Wizard: Do anything. You got no choice, anyway. I mean, we’re all fucked. More or less, ya know.

Travis: I don’t know. That’s about the dumbest thing I ever heard.

…I wrote another friend this week telling them that if I didn’t do something soon, something, you know, big — that the world would continue to shrink around me and I would fade.

I said everyone I know, now in a sort of self-imposed exile of attempting to raise children, and keep their jobs — with the knowledge that a planet is in revolt, and our systems are failing — may also feel a need to do something. But what?

Here we all are, knowing the task at hand, and unable to do anything about it.

The Wizard may have been right all along.

And the thought occurs to me that Paul, in some ways, may have been the lucky one to have dodged all this. But isn’t that cynicism laid bare? And isn’t it even more cynical to put someone’s friendship in a glass case and hold on to it so tight? So tight that it squeezes out others.

Isn’t that the ultimate in selfishness?

It is.

Wednesday morning, I will drop my son off at Kindergarten and observe him interacting with his new cohort of little friends.

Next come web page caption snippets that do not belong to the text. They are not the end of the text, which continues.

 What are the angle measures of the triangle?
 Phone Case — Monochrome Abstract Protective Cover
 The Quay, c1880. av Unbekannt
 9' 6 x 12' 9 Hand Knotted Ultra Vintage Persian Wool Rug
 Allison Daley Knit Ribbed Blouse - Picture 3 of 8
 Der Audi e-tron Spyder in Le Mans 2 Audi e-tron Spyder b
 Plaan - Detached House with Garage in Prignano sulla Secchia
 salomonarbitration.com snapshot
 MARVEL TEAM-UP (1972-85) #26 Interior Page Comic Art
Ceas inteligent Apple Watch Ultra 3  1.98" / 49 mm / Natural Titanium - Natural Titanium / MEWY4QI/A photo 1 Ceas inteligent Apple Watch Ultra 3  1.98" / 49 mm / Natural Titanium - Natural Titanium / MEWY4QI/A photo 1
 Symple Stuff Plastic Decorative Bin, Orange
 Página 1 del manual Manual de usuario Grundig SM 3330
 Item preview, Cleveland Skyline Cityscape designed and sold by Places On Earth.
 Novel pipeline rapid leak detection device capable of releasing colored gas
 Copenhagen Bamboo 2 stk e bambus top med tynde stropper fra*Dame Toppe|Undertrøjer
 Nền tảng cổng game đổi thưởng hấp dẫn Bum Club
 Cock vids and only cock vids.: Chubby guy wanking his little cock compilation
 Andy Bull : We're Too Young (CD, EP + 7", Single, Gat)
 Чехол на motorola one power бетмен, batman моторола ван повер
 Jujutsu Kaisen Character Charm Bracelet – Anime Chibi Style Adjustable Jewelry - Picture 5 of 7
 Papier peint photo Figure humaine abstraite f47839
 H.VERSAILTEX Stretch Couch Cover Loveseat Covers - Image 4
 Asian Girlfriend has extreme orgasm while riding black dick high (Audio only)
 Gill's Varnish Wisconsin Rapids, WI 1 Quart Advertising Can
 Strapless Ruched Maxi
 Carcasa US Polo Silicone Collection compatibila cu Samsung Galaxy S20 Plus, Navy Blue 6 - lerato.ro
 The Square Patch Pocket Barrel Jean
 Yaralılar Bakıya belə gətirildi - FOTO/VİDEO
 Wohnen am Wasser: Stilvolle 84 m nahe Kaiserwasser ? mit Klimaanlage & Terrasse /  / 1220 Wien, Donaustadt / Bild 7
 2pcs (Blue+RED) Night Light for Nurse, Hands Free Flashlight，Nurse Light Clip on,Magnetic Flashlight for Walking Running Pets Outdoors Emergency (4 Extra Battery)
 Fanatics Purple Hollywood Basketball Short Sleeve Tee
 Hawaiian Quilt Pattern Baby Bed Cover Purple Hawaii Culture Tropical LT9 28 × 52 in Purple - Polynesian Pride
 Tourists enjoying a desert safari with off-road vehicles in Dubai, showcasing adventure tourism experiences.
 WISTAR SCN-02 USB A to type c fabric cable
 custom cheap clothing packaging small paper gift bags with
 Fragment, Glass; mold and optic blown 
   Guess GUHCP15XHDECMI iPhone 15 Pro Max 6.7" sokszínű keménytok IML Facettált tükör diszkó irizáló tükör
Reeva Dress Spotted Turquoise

Some he’ll only know for a couple years. One or two may be with him his whole life. I marvel at these relationships forming.

I think of Paul and a handful of others, some gone, some here, every day. I think of how friendships, like any relationship, require attention, require nurturing, require re-planting.

After drop-off, I’ll go for a run and shout Paul’s name off some high peak. I’ll be thankful I’m still around to do it. Then I’ll cry a little because I am here and maybe I’m not the one who should be.

I’ll think about him. In the car. At the store. When I’m with other friends. When I’m alone. At night. When my alarm goes off. When I’m at a stoplight. When someone says something a certain way. Or when someone looks at me funny. I reread his letters. I force myself to write down ways I can to better. And I promise myself I’ll follow through.

Whether or not I do this year is another story.

He would though. Because that’s the kind of guy he was. The kind of friend he always will be.